Beyond these also are the collateral damages that have come into the mix. They include the challenge of securing enduring quality for the system in a world where tertiary education is evidently a universal engagement where global best practices are the norm. There is also the issue of the continuing migration of many students who ordinarily should be receiving their tertiary education in-country but who have been forced by factors, including the instability in the educational calendar, to seek admission and study opportunities outside the country.
There is also the sheer range of economic losses that the country suffers on account of the large numbers of Nigerians that are forced to go abroad to study. As CBN records would readily confirm, this is a major source of pressure on the nations foreign exchange position as the volume of dollars being sought by the Nigerians studying abroad continues to soar.
Even more worrisome is the fact that government tends to be lackadaisical, unconcerned and indifferent about taking prompt and serious action to address the entire situation. When the strike first broke in the current dispensation, the attitude of government officials was to feign ignorance of the action. When they finally stepped in to presumably address it, the focus has been on trying to intellectually shoot down the positions being canvassed by the striking lecturers as if this is a lecture room debate. There is no sense of urgency; no show of empathy, compassion and consideration for hurting students, distraught parents and a continually hemorrhaging nation.

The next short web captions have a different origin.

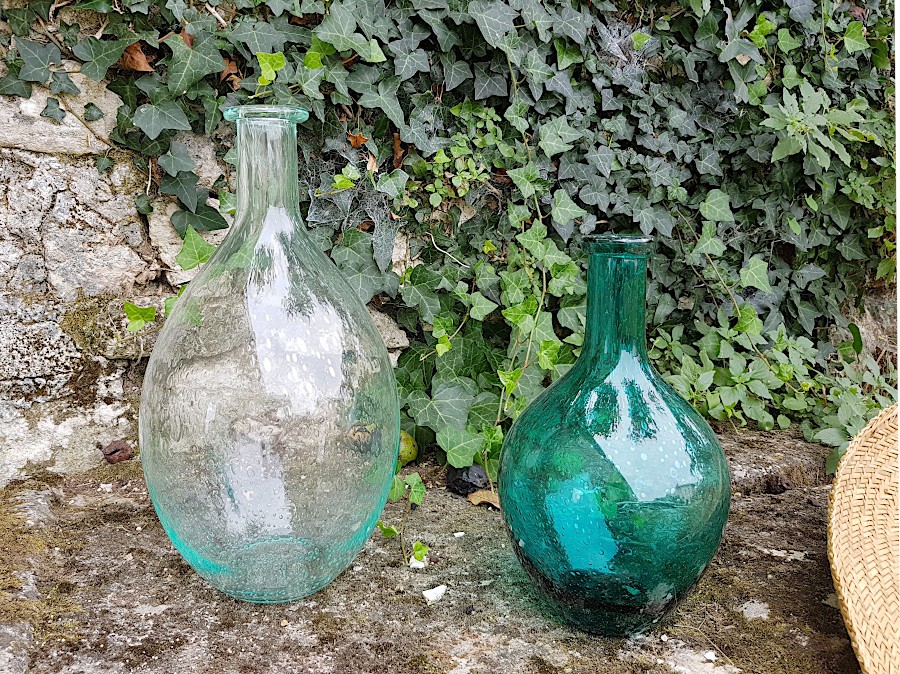 Vase bulle en verre teinté H34.5 | Deco-Delight.com Vase bulle en verre teinté H34.5 | Deco-Delight.com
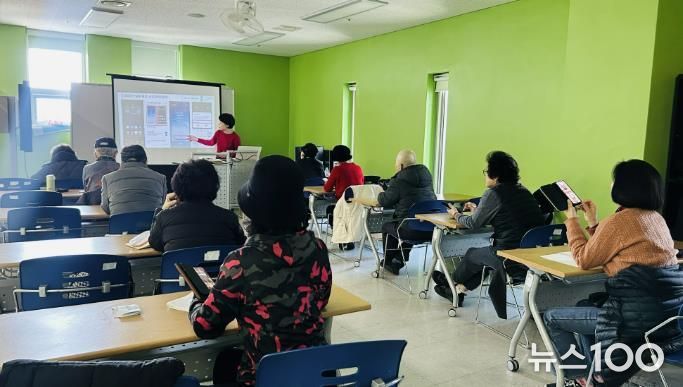 안산시의 한 복지관에서 시민들의 디지털 활용 능력 강화를 위한 교육이 진행되고 있다.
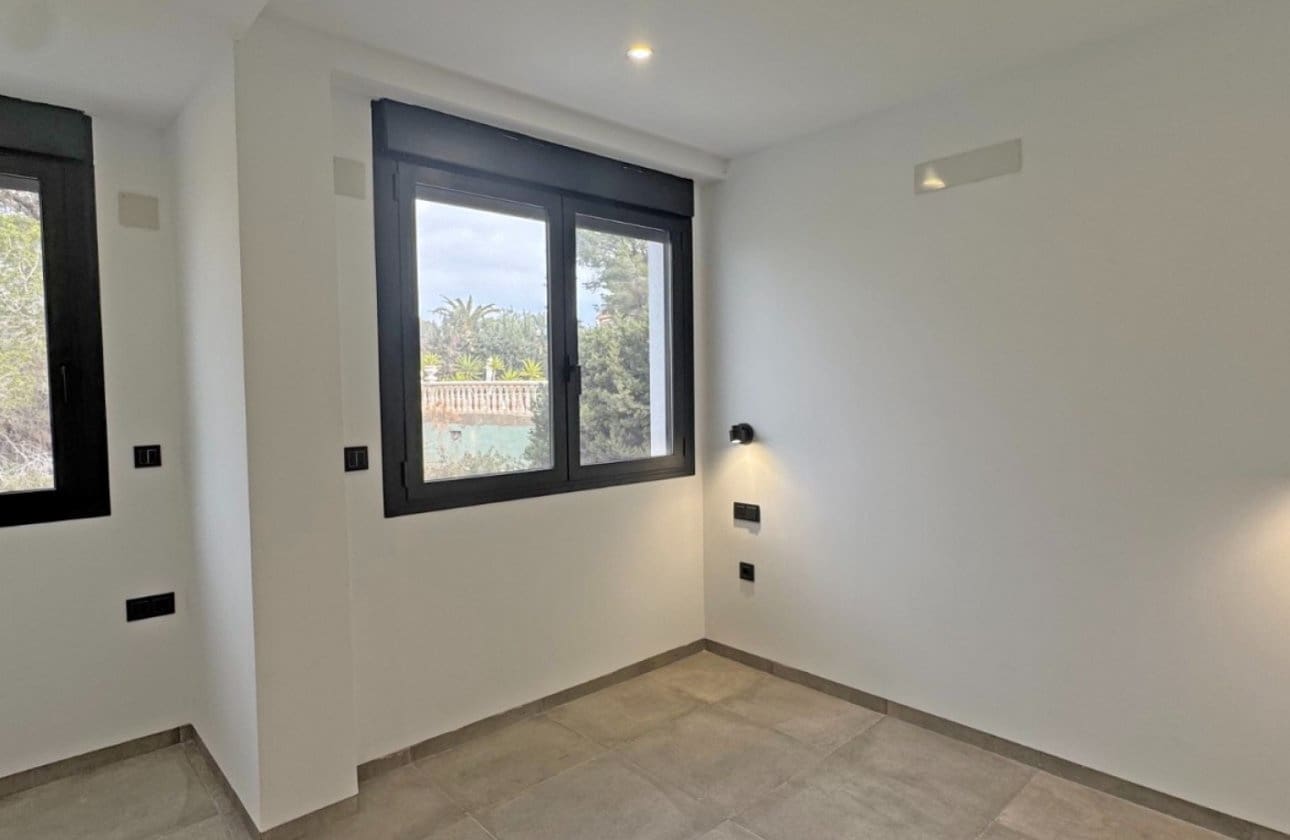 Chalet de 4 habitaciones en Los Balcones en venta con piscina - 495.000 € (Ref: 9134154)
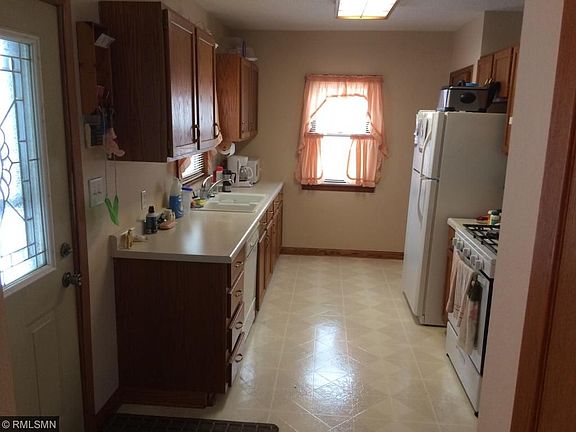 4th image of 812 Bailly St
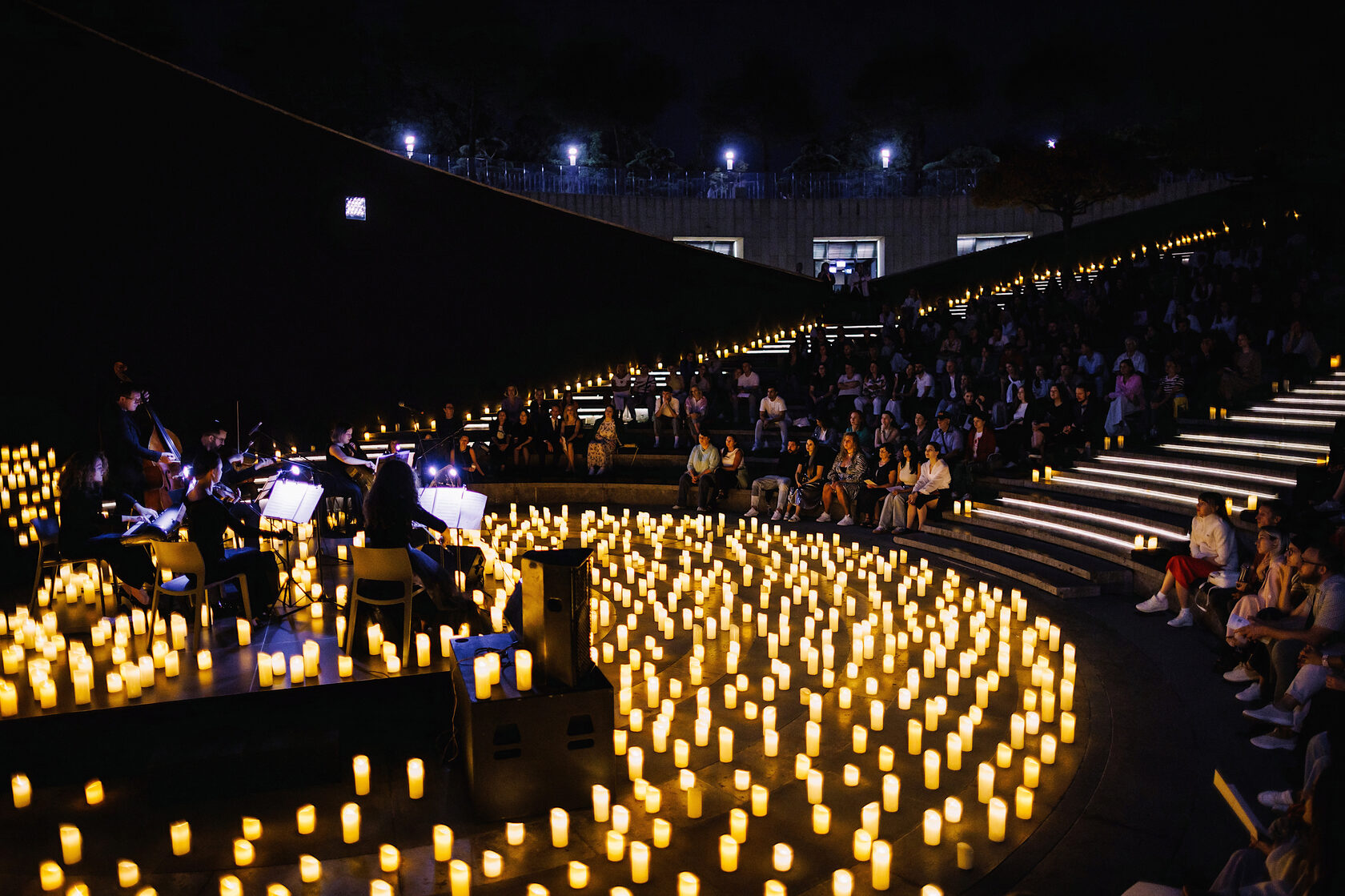 Люминари волгоград. 1000 Свечей. Luminary. 1000 Свечей. Зал 1000 свечей. Luminary 1000 свечей концерт.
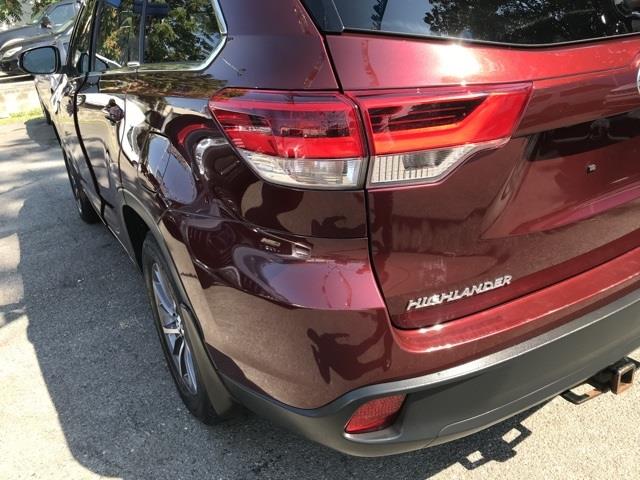 Used Toyota Highlander XLE 2017 | Hillside Auto Outlet. Jamaica, New York Used Toyota Highlander XLE 2017 | Hillside Auto Outlet. Jamaica, New York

In the past there have been several suggestions, including one that public office holders be forced to compulsorily educate their children and wards within the countrys public tertiary educational system. While this has been shot down at the National Assembly the fact remains that there is still a large dose of indifference of public sector personnel to the plight of Nigerians who work in and are supposed to derive benefits from the system.
On their part, lecturers and students have been criticised for not being realistic in their opposition to raising fees in the system as a way of increasing funding. But even this point is neither here nor there as specific proposals and cushioning effects in this regard first have to be put on the table by those promoting them. For example, rather than simply ask students and their parents to just go and find any fees that are presumably denominated as market-efficient rates, can proper steps be taken to ensure that even as those adjustments are being proposed, there are also corollary proposals to address the question of a revamped Students Loans Board that would undertake to ensure that those who bring evidence of an inability to pay the revamped fees get to secure low interest loans to fund their studies.
This newspaper reminds government that it is its responsibility to get the system to work and therefore calls for everything to be done within the next two weeks towards ensuring that the schools are opened once again for full and uninterrupted studies.